Ich drehte mich um, da kniete er schon vor mir mit der Ringschachtel, auf einem Knie und sah mit einem nervösen Lächeln und funkelnden Augen zu mir auf. 

"Lou, du bist für mich die wichtigste Person in meinem Leben. Ich liebe dich so sehr, dass ich es nicht in Worte fassen kann, so sehr ich es auch versuche. Deine Stärke, die Liebe die du mir und den Mädchen entgegenbringst, dein Lachen" Er stockte einen Moment und blinzelte. "Ich kann mir kein Leben ohne dich vorstellen, wir haben in kurzer Zeit so viel gemeinsam gemeistert und ich war mir in meinem ganzen Leben noch nie so sicher bei einer Sache. Also frage ich dich jetzt ganz offiziell, willst du mich heiraten?" 
Er öffnete die Box und zum Vorschein kam ein schlichter, goldener Ring mit einem einzelnen kleinen Stein in der Mitte. Dezent und unauffällig, ich liebte alles daran. 

Ich starrte ihn ungläubig an, dann brannten die Tränen in meinen Augen. Überschwänglich fiel ich ihm um den Hals, so dass er beinahe nach hinten fiel. Lachend nahm er mich in die Arme. 
"Ja" hauchte ich kaum hörbar, doch sein Griff um mich verstärkte sich, ich war mir sicher dass er es dennoch gehört hatte. 
"Oh mein Gott, ich bin so glücklich!" sagte er sogleich und ich küsste ihn sofort innig. 
Ich vertiefte den Kuss und er tat es mir gleich, löste sich nicht von mir. 

"Bäh!" unterbrach Lilly den Moment und wir lösten uns lachend voneinander und sahen sie an. Sie kicherte wieder und hielt sich die Hände vor dem Mund. "Das macht man doch nicht vor anderen, sagst du doch immer Papa." 
Harry lachte und nickte, sah dann zu mir. "Also ja?"
"Aber sowas von!" antwortete ich strahlend. Harry strich mir eine Freudenträne von der Wange und steckte mir den Ring an. 

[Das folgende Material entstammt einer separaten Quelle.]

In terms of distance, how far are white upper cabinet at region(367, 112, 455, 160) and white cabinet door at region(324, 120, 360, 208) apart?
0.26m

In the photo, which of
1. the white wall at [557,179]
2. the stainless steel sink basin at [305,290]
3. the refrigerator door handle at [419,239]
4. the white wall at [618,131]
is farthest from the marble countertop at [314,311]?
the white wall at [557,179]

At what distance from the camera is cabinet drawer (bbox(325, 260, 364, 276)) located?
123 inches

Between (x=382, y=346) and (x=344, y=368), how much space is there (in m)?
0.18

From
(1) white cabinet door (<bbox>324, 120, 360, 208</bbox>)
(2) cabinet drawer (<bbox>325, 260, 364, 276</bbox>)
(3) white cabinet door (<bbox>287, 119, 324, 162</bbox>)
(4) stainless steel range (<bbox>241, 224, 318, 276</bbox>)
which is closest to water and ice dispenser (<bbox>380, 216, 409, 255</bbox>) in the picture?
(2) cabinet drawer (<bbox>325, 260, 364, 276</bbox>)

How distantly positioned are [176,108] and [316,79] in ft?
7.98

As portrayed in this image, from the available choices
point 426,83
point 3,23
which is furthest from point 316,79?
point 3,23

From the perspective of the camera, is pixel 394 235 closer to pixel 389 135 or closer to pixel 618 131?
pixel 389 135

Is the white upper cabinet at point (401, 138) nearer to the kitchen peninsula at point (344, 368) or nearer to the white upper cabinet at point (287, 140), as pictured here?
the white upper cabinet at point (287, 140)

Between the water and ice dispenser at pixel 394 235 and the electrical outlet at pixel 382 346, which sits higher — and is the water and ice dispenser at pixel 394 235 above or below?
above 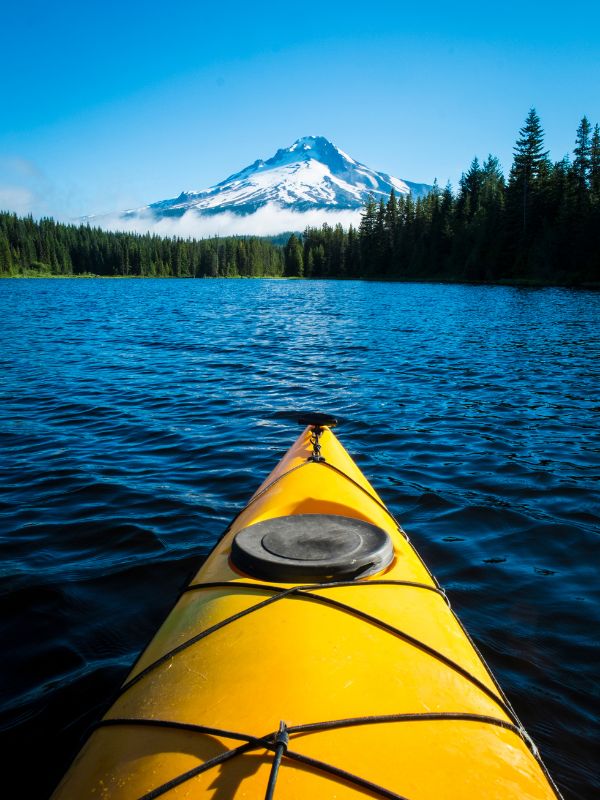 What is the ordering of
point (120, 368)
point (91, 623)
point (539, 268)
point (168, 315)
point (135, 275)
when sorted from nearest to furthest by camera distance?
point (91, 623) → point (120, 368) → point (168, 315) → point (539, 268) → point (135, 275)

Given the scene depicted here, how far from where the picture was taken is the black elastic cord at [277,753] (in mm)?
1724

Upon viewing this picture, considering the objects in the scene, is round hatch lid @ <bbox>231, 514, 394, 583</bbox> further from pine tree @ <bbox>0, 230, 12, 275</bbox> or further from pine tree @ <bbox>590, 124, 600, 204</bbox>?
pine tree @ <bbox>0, 230, 12, 275</bbox>

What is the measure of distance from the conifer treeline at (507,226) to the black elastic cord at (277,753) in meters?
58.9

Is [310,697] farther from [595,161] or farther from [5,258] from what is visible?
[5,258]

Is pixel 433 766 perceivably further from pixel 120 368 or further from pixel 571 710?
pixel 120 368

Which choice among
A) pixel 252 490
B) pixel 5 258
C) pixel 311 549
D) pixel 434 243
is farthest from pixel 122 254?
pixel 311 549

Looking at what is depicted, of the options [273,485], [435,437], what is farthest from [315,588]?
[435,437]

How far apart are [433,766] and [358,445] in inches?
276

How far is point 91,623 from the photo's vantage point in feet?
14.1

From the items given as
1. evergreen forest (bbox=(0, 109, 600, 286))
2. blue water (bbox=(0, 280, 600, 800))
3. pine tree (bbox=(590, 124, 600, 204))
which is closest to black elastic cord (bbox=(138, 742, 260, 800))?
blue water (bbox=(0, 280, 600, 800))

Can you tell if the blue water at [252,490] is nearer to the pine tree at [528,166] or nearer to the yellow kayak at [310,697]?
the yellow kayak at [310,697]

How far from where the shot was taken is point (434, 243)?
270ft

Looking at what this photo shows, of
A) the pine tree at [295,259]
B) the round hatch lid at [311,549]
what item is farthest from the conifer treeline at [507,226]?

"Für immer" sprach er, küsste mich zärtlich.
"Und ewig" fügte ich hinzu.

Dann lehnte ich mich an ihn und wir saßen noch immer auf dem Küchenboden. Hätte mir jemand vor einem Jahr gesagt, wo ich heute wäre, ich hätte der Person kein Wort geglaubt.
Doch es hatte sich alles zum Guten gewendet. 
Ich hatte gefunden, wonach ich mich immer gesehnt hatte. Glück und grenzenlose Liebe.